Camino hacia Cox, que está entablando una conversación muy sonrojada por lo visto con mi colega Scott. Y por alguna razón siento que deberé hablar con él, se ve que Rebecca le tiene demasiado afecto a ella y como deseo tener su afecto el cuidado mental y sentimental de su amiga recae sobre mí.
—habla… —le digo a ella. Me gusta ser directo con lo que quiero.
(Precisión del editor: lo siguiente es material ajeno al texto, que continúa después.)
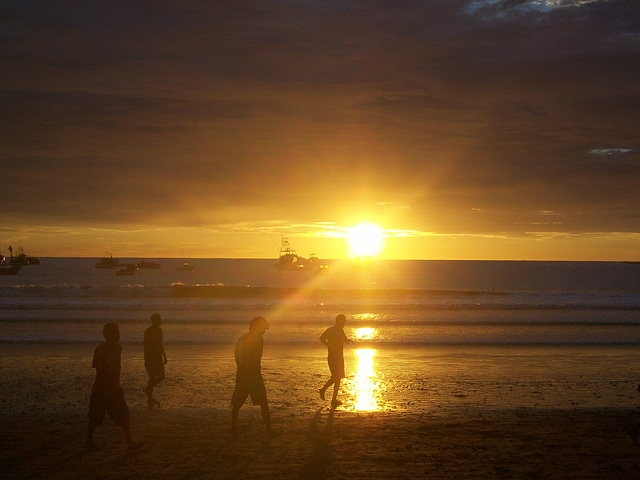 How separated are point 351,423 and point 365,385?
363 cm

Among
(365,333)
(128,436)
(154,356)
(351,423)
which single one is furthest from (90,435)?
(365,333)

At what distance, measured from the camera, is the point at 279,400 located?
36.7 feet

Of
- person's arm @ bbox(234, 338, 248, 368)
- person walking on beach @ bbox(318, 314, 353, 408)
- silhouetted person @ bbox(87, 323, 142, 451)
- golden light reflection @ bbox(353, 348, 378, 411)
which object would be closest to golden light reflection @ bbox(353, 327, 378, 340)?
golden light reflection @ bbox(353, 348, 378, 411)

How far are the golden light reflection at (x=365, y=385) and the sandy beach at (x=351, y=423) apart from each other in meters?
0.05

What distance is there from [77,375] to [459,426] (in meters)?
9.61

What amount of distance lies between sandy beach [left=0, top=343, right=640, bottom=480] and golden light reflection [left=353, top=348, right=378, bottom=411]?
5cm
—eres un imbécil. —se burla de mí.
—¿por? —respondo ofendido.
—si algo odia ella es que ataques a alguien injustamente, como lo hiciste hoy con el chico de la lluvia.
—y por ello soy un imbécil. —sigo molesto, odio las faltas hacía mi persona.
—sí y porque tienes novia, odia a los infieles. Y digamos que te ha visto con muchas.
—no tengo novia.
—a no, ¿y Sylvia?
—amiga con derechos, y antes de que preguntes las otras son solo citas.
—ella odia todo eso. Se hace la ruda, pero la monogamia es lo suyo.
No digo nada y espero a que Ariadne suelte más información, aunque decide que se quedará en silencio.
—habla.
—no quiero, Alfi.
—que hago para convencerla.
—nada. Eso sería lo ideal. Pero eres torpe y lo seguirás intentando.
La miro mal.
—ni me mires así, que, si te odió por el chico paraguas, por mí es capaz de descuartizarte con sus propias manos. Tú sabrás. —me siento tomado de…
Tuerzo la boca con ese comentario.
—alguien desequilibrando a Alfred Cromwell. Maravilloso. —dice el somnoliento de Scott.
Si alguien me quisiera decir que me está sucediendo se lo agradecería con el maldito alma, no es posible que una persona se te clave tanto solo por un par de palabras, un movimiento rudo y una altanería indescriptible. Es tonto, casi casi ficticio, pero es realidad, porque lo estoy viviendo en carne propia. Y lo odio. Pero a su vez me gusta.